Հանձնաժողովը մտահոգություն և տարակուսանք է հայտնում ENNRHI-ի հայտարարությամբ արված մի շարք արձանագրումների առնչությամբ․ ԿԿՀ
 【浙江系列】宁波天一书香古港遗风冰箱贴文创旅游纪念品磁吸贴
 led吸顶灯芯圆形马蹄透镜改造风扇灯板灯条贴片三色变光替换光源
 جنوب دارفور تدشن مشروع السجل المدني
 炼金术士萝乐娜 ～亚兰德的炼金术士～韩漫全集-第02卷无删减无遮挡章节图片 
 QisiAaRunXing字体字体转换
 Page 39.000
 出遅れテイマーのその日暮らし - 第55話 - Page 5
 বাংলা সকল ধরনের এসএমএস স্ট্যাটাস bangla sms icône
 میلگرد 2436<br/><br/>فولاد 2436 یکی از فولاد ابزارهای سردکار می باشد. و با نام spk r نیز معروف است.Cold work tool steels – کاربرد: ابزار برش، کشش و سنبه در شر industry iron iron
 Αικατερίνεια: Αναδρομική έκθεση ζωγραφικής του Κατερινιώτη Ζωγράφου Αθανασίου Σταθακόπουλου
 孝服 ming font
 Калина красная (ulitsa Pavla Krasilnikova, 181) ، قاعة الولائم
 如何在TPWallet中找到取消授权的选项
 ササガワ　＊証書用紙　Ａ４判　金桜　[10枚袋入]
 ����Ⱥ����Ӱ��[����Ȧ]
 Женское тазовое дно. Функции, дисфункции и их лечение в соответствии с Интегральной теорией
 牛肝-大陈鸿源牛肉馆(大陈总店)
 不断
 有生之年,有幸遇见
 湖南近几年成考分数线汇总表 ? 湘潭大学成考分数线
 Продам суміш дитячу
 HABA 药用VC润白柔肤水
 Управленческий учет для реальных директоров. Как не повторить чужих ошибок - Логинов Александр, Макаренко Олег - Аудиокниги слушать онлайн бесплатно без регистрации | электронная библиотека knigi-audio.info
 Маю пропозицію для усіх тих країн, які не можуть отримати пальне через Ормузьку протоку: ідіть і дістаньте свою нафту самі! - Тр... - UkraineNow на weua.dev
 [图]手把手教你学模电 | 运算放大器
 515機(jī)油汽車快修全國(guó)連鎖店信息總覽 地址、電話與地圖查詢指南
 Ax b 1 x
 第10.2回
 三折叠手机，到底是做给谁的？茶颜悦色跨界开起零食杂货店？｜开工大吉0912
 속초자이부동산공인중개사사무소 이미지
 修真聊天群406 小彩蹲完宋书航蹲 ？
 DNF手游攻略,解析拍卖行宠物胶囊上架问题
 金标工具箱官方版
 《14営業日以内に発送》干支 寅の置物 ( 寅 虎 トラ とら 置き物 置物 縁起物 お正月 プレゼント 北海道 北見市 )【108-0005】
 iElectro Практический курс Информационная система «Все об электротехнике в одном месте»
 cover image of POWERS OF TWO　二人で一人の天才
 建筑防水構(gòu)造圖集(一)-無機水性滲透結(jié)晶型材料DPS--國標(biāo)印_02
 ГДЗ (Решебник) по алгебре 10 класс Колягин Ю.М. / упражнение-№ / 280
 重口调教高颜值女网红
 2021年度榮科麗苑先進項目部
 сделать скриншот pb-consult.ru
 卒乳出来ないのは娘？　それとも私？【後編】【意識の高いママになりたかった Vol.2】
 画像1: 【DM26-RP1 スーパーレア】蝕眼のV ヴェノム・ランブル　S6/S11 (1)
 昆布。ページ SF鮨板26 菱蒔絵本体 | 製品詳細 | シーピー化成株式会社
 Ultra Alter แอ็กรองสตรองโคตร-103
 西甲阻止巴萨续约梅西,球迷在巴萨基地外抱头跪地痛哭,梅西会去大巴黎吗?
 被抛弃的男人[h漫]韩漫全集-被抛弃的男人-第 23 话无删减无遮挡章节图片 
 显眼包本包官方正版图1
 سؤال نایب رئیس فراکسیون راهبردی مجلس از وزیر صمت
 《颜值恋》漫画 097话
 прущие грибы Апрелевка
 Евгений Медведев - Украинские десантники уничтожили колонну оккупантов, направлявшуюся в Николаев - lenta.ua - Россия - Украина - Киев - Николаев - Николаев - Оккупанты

■ ■ ■

In the listing above, find the line with "ササガワ　＊証書用紙　Ａ４判　金桜　[10枚袋入]" and the line with "建筑防水構(gòu)造圖集(一)-無機水". Output those two lines and every line between them, exactly as written.

*REPLY*.
 ササガワ　＊証書用紙　Ａ４判　金桜　[10枚袋入]
 ����Ⱥ����Ӱ��[����Ȧ]
 Женское тазовое дно. Функции, дисфункции и их лечение в соответствии с Интегральной теорией
 牛肝-大陈鸿源牛肉馆(大陈总店)
 不断
 有生之年,有幸遇见
 湖南近几年成考分数线汇总表 ? 湘潭大学成考分数线
 Продам суміш дитячу
 HABA 药用VC润白柔肤水
 Управленческий учет для реальных директоров. Как не повторить чужих ошибок - Логинов Александр, Макаренко Олег - Аудиокниги слушать онлайн бесплатно без регистрации | электронная библиотека knigi-audio.info
 Маю пропозицію для усіх тих країн, які не можуть отримати пальне через Ормузьку протоку: ідіть і дістаньте свою нафту самі! - Тр... - UkraineNow на weua.dev
 [图]手把手教你学模电 | 运算放大器
 515機(jī)油汽車快修全國(guó)連鎖店信息總覽 地址、電話與地圖查詢指南
 Ax b 1 x
 第10.2回
 三折叠手机，到底是做给谁的？茶颜悦色跨界开起零食杂货店？｜开工大吉0912
 속초자이부동산공인중개사사무소 이미지
 修真聊天群406 小彩蹲完宋书航蹲 ？
 DNF手游攻略,解析拍卖行宠物胶囊上架问题
 金标工具箱官方版
 《14営業日以内に発送》干支 寅の置物 ( 寅 虎 トラ とら 置き物 置物 縁起物 お正月 プレゼント 北海道 北見市 )【108-0005】
 iElectro Практический курс Информационная система «Все об электротехнике в одном месте»
 cover image of POWERS OF TWO　二人で一人の天才
 建筑防水構(gòu)造圖集(一)-無機水性滲透結(jié)晶型材料DPS--國標(biāo)印_02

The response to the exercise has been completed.